The pandemic has resulted in the year end financial
close process, as well as the external audit, having
to take place largely remotely in a number of
locations this year.
We validated that the cash flow forecast models
used across the goodwill impairment, going concern
and viability assessments were consistent. Our
procedures in respect of the goodwill and indefinite-
lived intangible asset impairment assessments are
covered in the related key audit matter above.
With respect to management’s going concern
assessment, our procedures are covered in the
‘conclusions relating to going concern’ section below.
We have instructed our component teams to
assess the recoverability of receivable balances,
in particular for aged balances. We have assessed
the reasonableness of the group’s expected
credit losses on receivable balances in accordance
with IFRS 9. There were no material individual
impairments of trade receivables or contract assets.

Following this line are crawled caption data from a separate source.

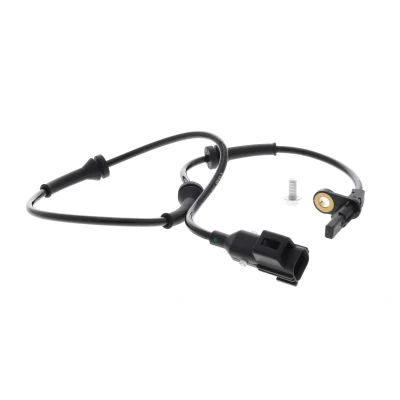 Bilde av VEMO V48 72 0135 ABS sensor bakaksel aktiv 2 30 715 kantet LAND ROVER: Range Rover Evoque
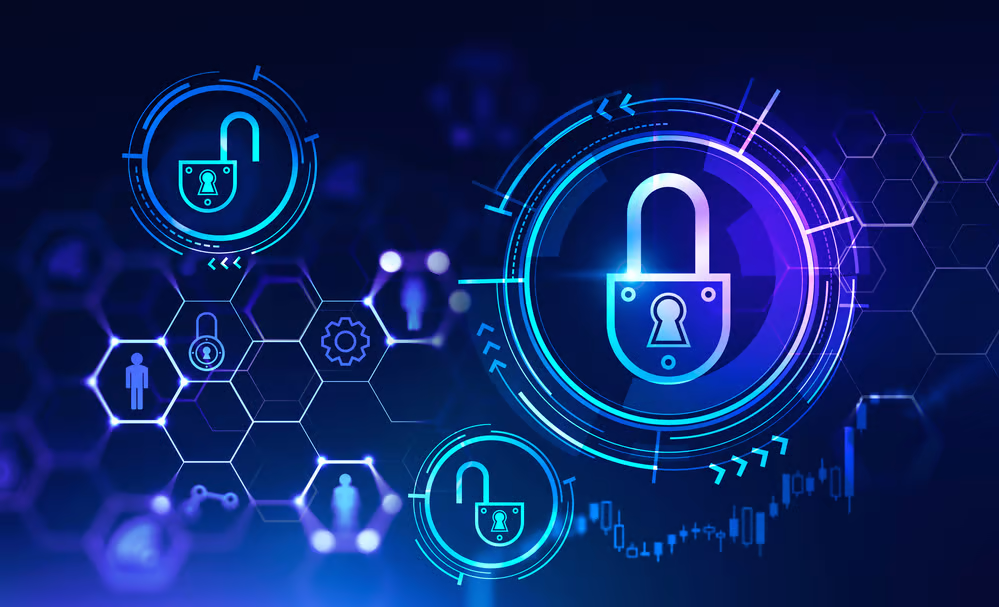 banner_solution_image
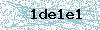 Code de sécurité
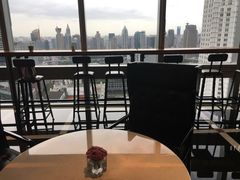 -上海古象大酒店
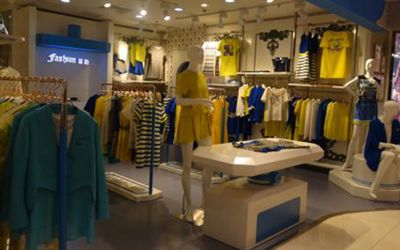 服裝店買收銀管理軟件 有哪些功能是必備的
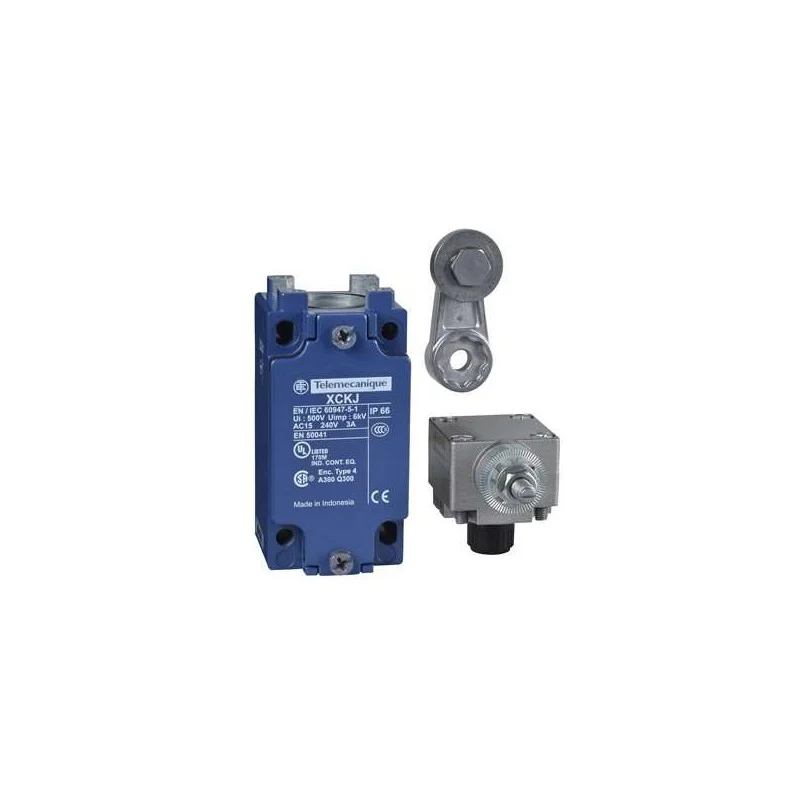 Schneider Electric XCKJ10513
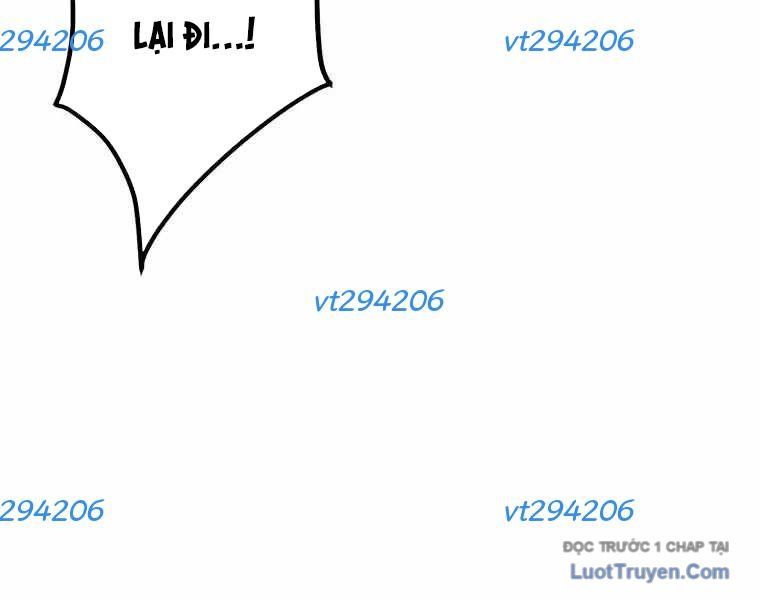 Đế Vương Tái Xuất 5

We also instructed our component teams
to understand if there were any changes to
management’s planned operation of controls or
monitoring activities. Based on our work, we did not
identify any evidence of material deterioration in the
control environment. We increased the frequency
and extent of our oversight over component
audit teams, using video conferencing and remote
working paper reviews, to satisfy ourselves as to
the appropriateness of audit work performed at
financially significant and material components.
We considered the appropriateness of management
disclosures in the financial statements in respect
of the impact of the current environment and
the increased uncertainty on certain accounting
estimates and consider these to be appropriate.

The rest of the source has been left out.